━━━ Supplied material

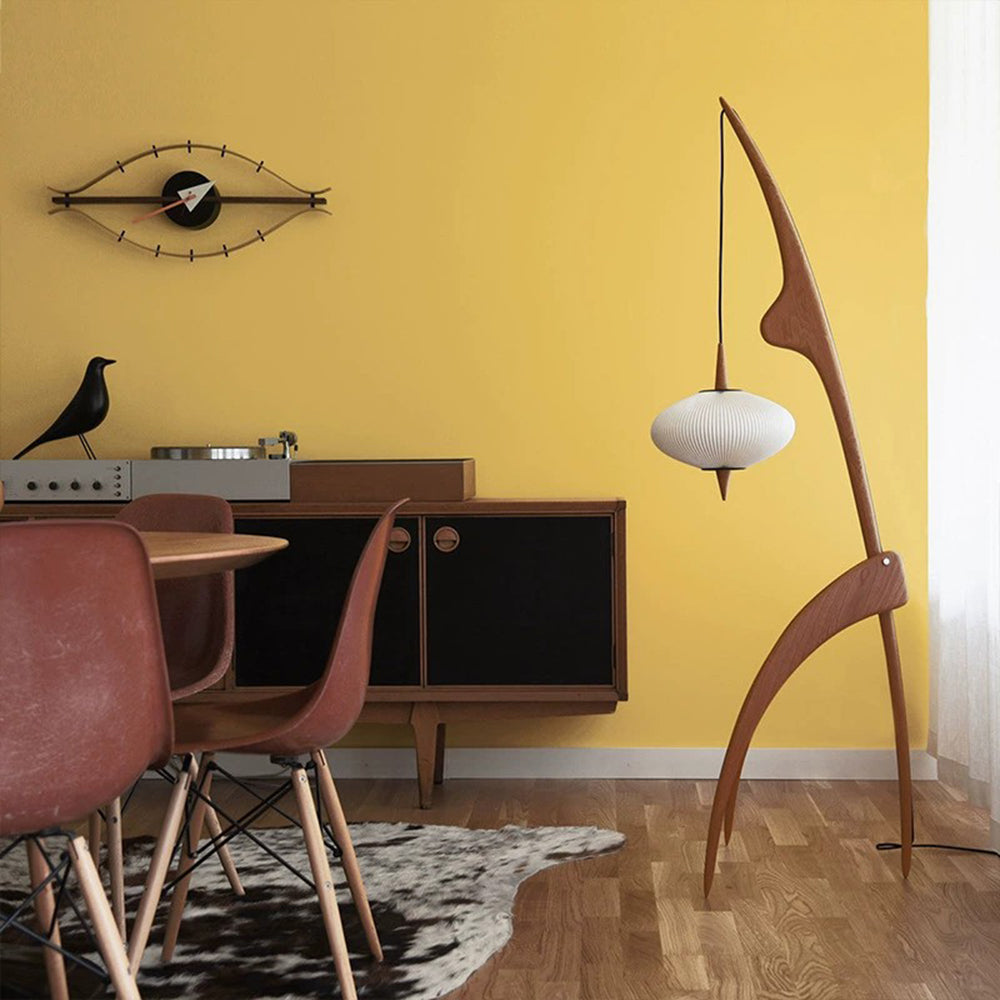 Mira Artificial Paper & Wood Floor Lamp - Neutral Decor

━━━━━━
━━━ Supplied material

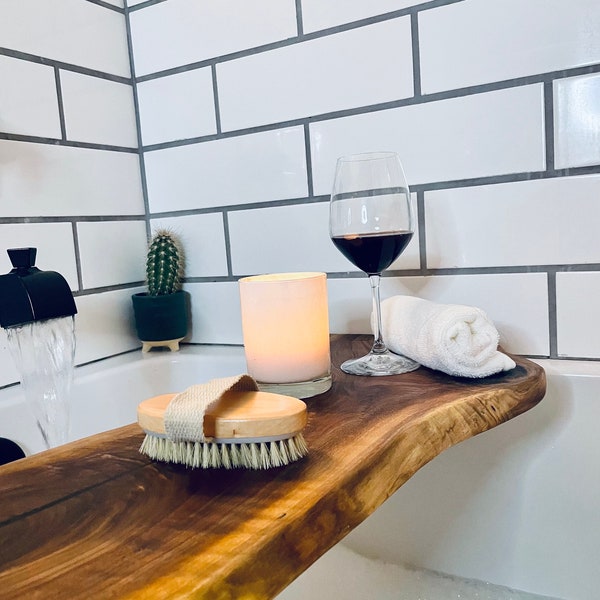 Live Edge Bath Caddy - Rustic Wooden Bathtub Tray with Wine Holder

━━━━━━
━━━ Supplied material

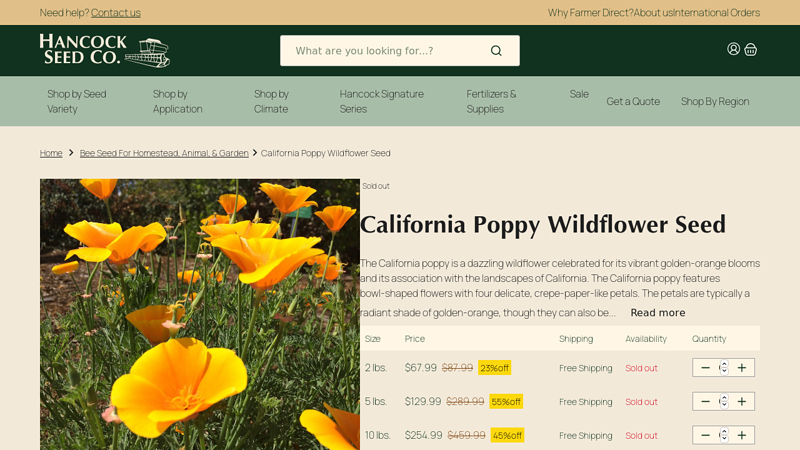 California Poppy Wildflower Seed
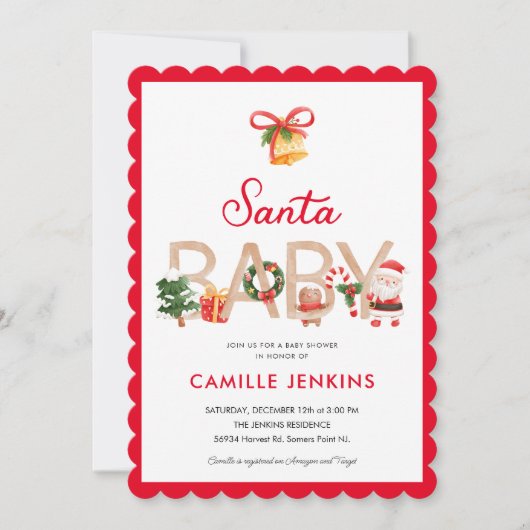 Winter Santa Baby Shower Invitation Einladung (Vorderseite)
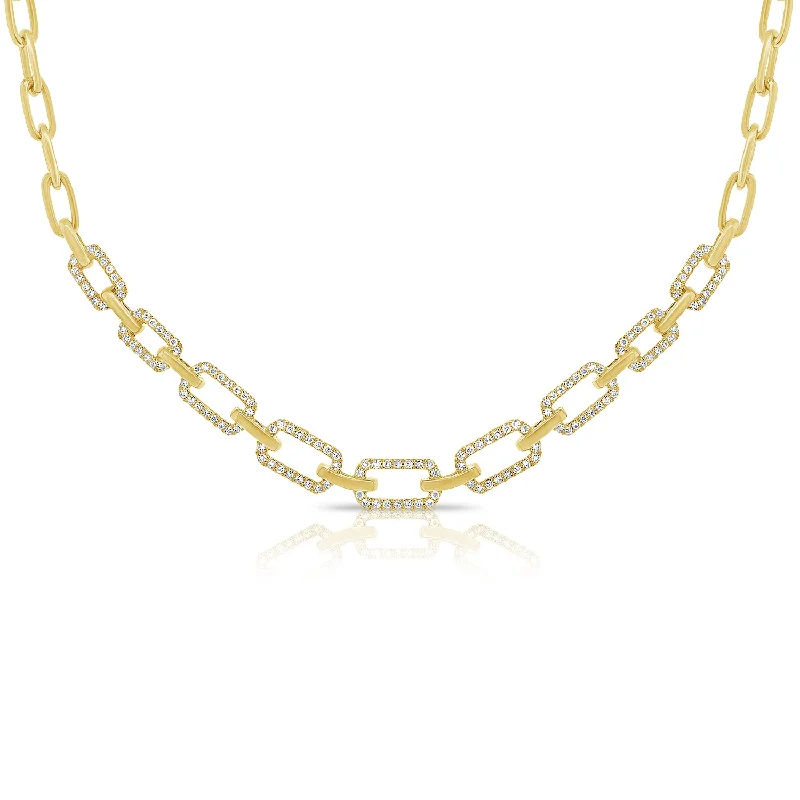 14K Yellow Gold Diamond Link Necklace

━━━━━━

= What you have to do =
Respond with the exact lines above running from the one containing "California Poppy Wildflower Seed" to the one containing "14K Yellow Gold Diamond Link Necklace", both ends kept and no pictures included.

= Response to the task =
 California Poppy Wildflower Seed
 Winter Santa Baby Shower Invitation Einladung (Vorderseite)
 14K Yellow Gold Diamond Link Necklace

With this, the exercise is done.